Only the lines below from the one with "Перья накидка на" through the one with "Eva Luxury Beaded" are to be written out, exactly and without any images.

::::

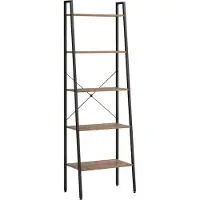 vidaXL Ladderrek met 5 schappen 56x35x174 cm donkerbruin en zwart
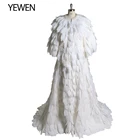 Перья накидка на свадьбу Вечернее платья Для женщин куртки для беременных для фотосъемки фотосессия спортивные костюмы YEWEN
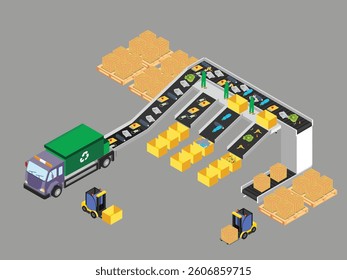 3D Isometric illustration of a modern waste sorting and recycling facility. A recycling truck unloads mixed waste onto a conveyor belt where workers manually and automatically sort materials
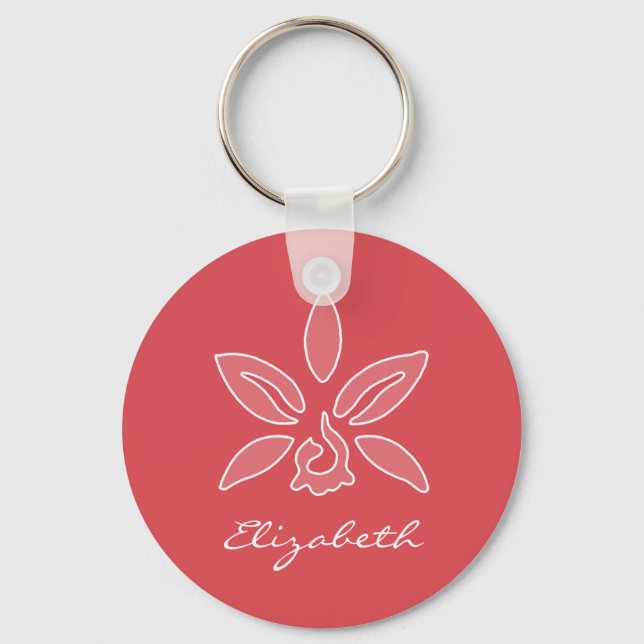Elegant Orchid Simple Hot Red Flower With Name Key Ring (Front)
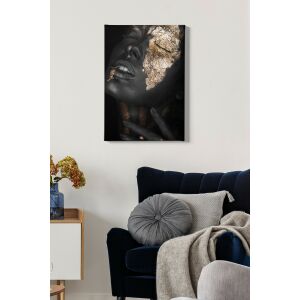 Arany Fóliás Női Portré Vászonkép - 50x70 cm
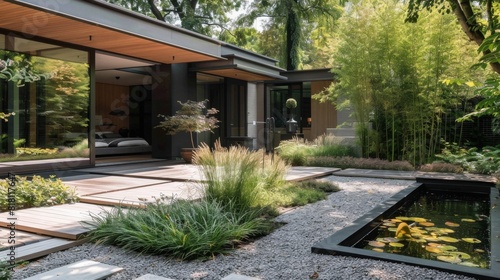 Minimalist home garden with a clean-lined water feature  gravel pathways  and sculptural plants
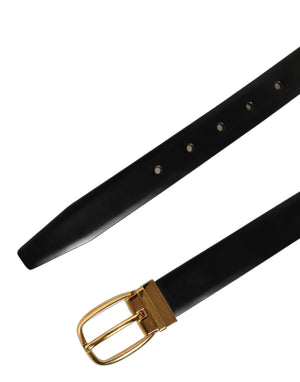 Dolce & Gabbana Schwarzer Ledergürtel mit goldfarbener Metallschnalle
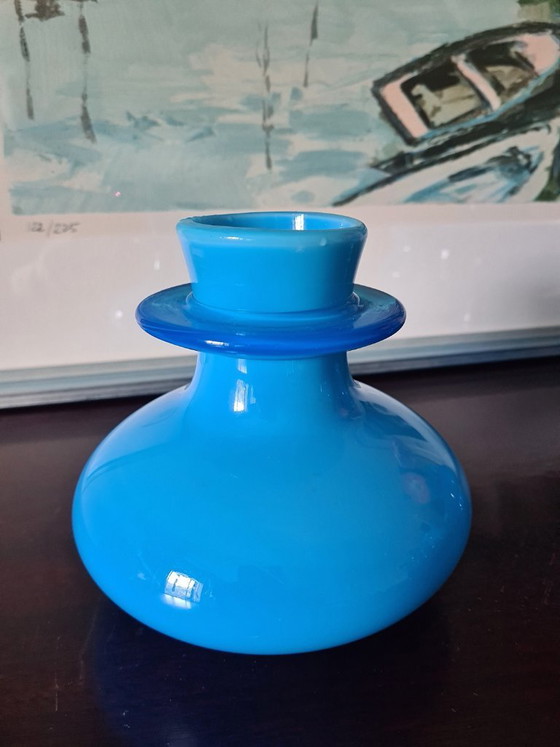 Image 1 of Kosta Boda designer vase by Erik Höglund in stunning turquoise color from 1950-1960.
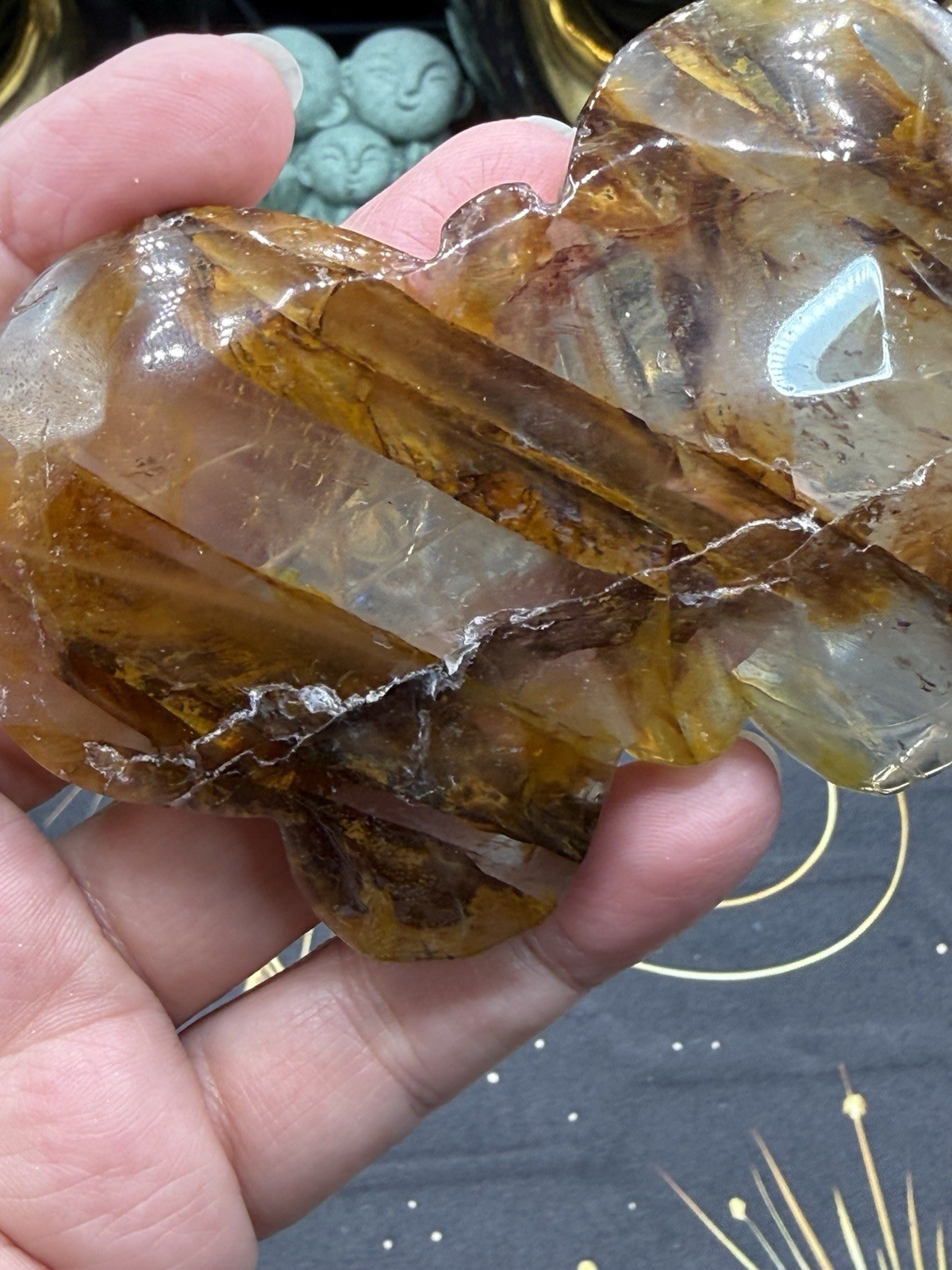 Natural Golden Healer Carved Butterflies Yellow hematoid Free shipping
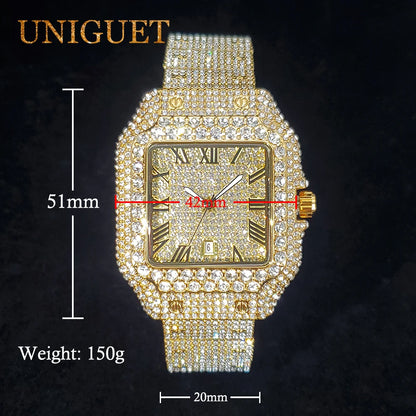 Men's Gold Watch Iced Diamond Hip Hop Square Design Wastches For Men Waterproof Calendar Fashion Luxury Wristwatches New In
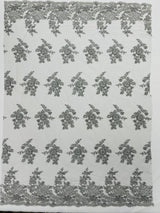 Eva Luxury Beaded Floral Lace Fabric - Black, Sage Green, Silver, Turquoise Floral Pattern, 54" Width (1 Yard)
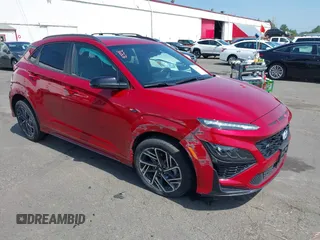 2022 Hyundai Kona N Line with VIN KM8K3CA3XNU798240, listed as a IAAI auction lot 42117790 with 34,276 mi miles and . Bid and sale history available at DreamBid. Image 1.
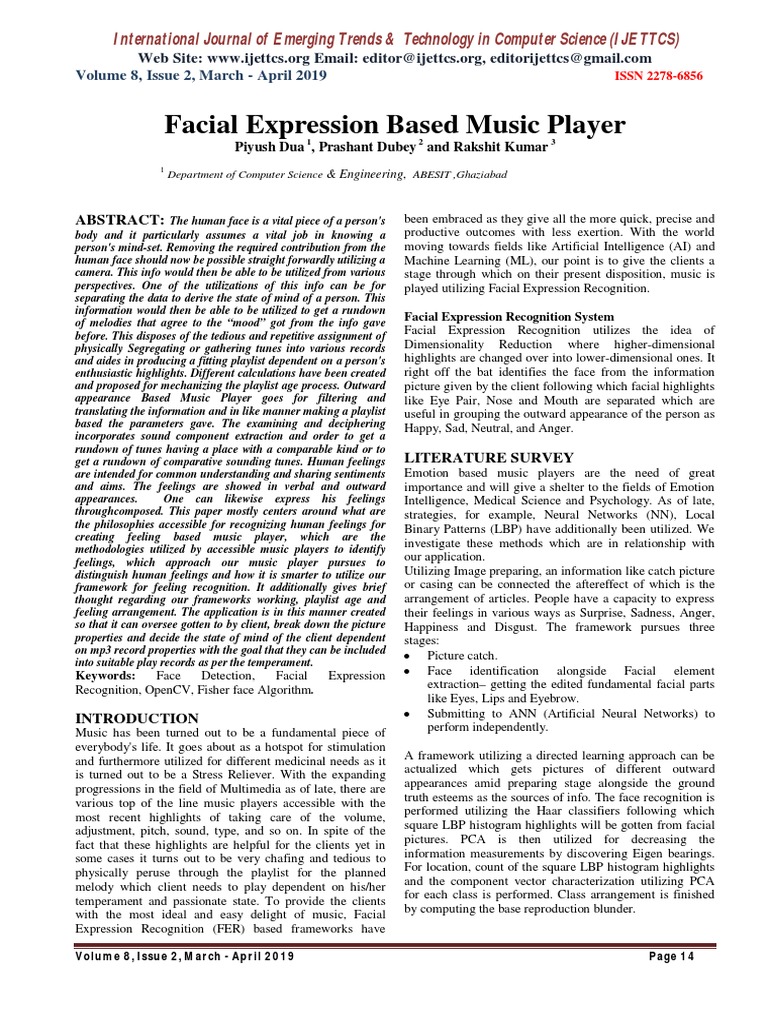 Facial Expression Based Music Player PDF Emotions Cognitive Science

::::

#### Reply to the exercise
 Перья накидка на свадьбу Вечернее платья Для женщин куртки для беременных для фотосъемки фотосессия спортивные костюмы YEWEN
 3D Isometric illustration of a modern waste sorting and recycling facility. A recycling truck unloads mixed waste onto a conveyor belt where workers manually and automatically sort materials
Elegant Orchid Simple Hot Red Flower With Name Key Ring (Front)
 Arany Fóliás Női Portré Vászonkép - 50x70 cm
 Minimalist home garden with a clean-lined water feature  gravel pathways  and sculptural plants
 Dolce & Gabbana Schwarzer Ledergürtel mit goldfarbener Metallschnalle
 Image 1 of Kosta Boda designer vase by Erik Höglund in stunning turquoise color from 1950-1960.
 Natural Golden Healer Carved Butterflies Yellow hematoid Free shipping
 Men's Gold Watch Iced Diamond Hip Hop Square Design Wastches For Men Waterproof Calendar Fashion Luxury Wristwatches New In
 Eva Luxury Beaded Floral Lace Fabric - Black, Sage Green, Silver, Turquoise Floral Pattern, 54" Width (1 Yard)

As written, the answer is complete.